Well, that’s about to change.
Today, Google has released a beta version of Chrome onto the Android Market… for Android 4.0 ICS phones. Luckily, thanks to my Galaxy Nexus, I get to try it out and give you this review.
First off after opening this app you’ll notice a pretty little googlicious introduction to the app.
Quite simple, quite clean, quite google.
I’m going to warn you in advance – many of the features in the Chrome for Android application are identical to those that are available on the desktop version of the browser.
In my opinion, the tabbing interface has been improved from the tabbing of other mobile browsers. Instead of just a list of tiles, Chrome gives you a very pretty sorting-through-a-card-deck like interface.
Don’t want a tab? Just slide it off to either side and it will make a spin-like motion into nothingness. These little effects add some very nice feel to the app.
The other coolest feature of the Chrome for Android application would be its ability to sync with Google Chrome for Mac and Windows. If you’ve signed in to Chrome on your desktop (Wrench thing > Sign in to chrome…), then all of your bookmarks, history, and tabs are already synced up.
This means that you can easily retrieve them on the new tab page in Chrome for Android. This grants access to one, extremely awesome thing: live tabs.

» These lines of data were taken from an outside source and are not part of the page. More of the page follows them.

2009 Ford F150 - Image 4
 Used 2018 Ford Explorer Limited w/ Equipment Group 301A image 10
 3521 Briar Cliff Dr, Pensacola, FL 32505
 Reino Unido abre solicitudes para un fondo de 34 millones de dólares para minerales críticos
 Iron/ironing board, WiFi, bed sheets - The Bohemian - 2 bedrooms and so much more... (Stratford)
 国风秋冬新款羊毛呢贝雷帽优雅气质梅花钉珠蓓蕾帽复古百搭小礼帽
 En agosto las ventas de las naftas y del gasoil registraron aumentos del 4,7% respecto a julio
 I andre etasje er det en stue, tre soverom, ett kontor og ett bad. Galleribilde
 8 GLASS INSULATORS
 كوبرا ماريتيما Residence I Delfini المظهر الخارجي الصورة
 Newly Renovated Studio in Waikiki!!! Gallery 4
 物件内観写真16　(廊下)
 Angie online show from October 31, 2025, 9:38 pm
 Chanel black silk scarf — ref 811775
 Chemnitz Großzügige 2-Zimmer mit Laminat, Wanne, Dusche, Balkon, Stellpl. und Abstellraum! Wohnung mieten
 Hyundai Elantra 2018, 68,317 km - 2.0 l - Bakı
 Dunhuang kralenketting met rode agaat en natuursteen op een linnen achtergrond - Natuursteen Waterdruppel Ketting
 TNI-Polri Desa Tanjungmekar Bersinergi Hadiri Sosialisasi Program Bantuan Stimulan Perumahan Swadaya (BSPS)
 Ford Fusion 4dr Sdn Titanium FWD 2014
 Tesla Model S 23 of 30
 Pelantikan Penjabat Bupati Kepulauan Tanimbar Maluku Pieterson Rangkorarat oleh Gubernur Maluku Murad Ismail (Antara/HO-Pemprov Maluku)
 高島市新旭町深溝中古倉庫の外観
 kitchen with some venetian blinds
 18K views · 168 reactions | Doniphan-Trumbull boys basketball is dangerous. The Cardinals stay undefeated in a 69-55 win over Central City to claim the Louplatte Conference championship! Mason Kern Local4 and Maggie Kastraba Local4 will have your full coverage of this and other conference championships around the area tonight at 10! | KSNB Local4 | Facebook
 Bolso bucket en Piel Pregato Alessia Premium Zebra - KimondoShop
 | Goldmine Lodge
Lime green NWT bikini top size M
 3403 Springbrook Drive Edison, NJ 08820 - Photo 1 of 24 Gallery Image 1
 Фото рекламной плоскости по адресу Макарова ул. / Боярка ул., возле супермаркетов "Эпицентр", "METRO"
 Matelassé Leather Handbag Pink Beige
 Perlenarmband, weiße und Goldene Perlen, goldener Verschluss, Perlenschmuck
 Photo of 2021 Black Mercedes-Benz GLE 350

Basically, if you have a set of tabs open on your computer and need to go somewhere, you can just leave your computer and all of your tabs will show up on Chrome for Android.
Pretty awesome, right? I must say, it’s not perfect – It takes a while for the tabs to get synced, and there isn’t an easy button to tell your computer and/or phone to sync. Remember though, this app is only in beta.
It’s the same deal with bookmarks – they will all get synced across your phone and computer(s).
If you use Chrome for Desktop on a daily basis, you already know the feel of the app. Google’s minimalistic style and code makes the app very light and quick to the touch. Pinch to zoom works fine, things render great, and the only thing missing is (of course) flash. But hey, who needs that anyways? We have HTML5!
In fact, lets compare. First, here is the html5test.com result for the built-in browser.
Not bad, actually – Firefox Mobile’s score is down the drain.
Now, lets test out chrome:
As I said, who needs flash anyways?!
Chrome Beta for Android is definitely a nice browser – if you have a device running Android 4.0 in the US, UK, Canada, France, Germany, Spain, Australia, Japan, Korea, Mexico, Argentina, or Brazil, it’s definitely something you should try out.
Otherwise, I don’t know when Chrome for Android will be released to the masses.